Tonight’s game between the Avalanche and Sharks will be the second time they go head-to-head in three nights.

On Saturday, Colorado came back from 1-0 and 2-1 deficits, but they eventually fell in overtime, as Sharks defenseman David Schlemko scored the game-winner just 1:18 into the extra frame.

Despite the loss and the horrific record they own, Avs coach Jared Bednar has felt good about the way his team’s been playing of late.

“We are coming on,” Bednar said on Saturday, per the Denver Post. “It’s discouraging at times because you don’t get the results. It’s those one or two mistakes. You have to find a way to cure, to eliminate them as much as you possibly can, make sure you’re not making the same mistakes over and over. But we’re playing real good hockey against real good teams right now and we’re fighting and in all the games.”

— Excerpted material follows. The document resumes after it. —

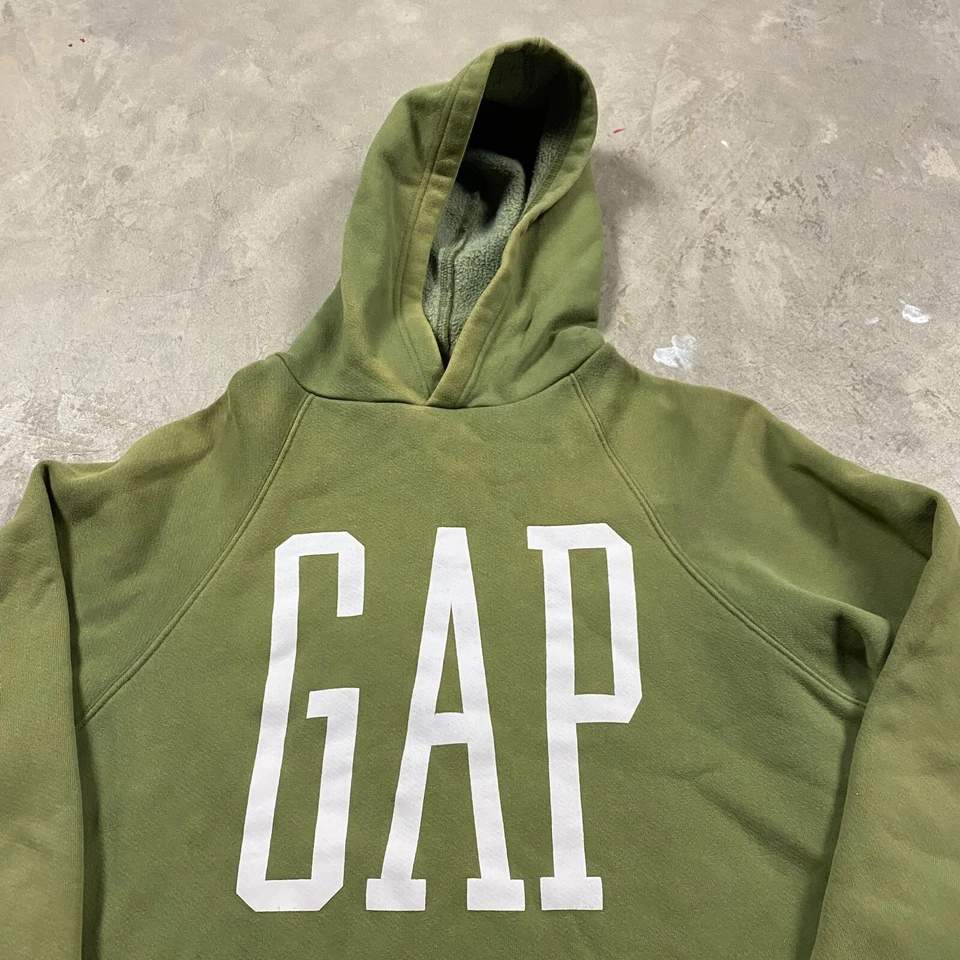 Sudadera con capucha Gap verde oliva mediana para mujer deletrear logotipo grande Foto 2 de 4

When you’re 13-29-2 overall, you try to find small victories in every battle, and improved overall play during losses has to be considered a small win every time.

Over their last 11 games, the Avalanche have come away with just a single win (2-1 in OT over the Isles on Jan. 6). With the OT loss to the Sharks on Saturday night, Colorado has picked up three of a possible 22 points during that stretch of 11 games.

As you may have expected, scoring has been a huge issue for them. If we look back at their last 10 games, they’ve managed to score more than two goals just once, and that came in a 6-4 loss to Chicago on Jan. 17.

As for the Sharks, things couldn’t be going much better right now.

Since their 4-0 loss to the St. Louis Blues on Jan. 14, they’ve rattled off four straight wins over Winnipeg, Los Angeles, Tampa Bay and Colorado.

So yea, these two teams couldn’t be headed in more opposite directions. San Jose won as many games last week as the Avalanche have since Dec. 8.

Saturday’s game against the Avs was the Sharks’ fifth game in eight days and at times, they looked fatigued. Even though they ended up pulling out a win, they weren’t satisfied with their overall play.

“When we’re on our game, we’re making it tough with grind time and traffic at the net, some chances,” Joe Pavelski told CSN Bay Area on Saturday. “Tonight we didn’t have as many as we could have had. We’ll try to find a little bit more for next game.”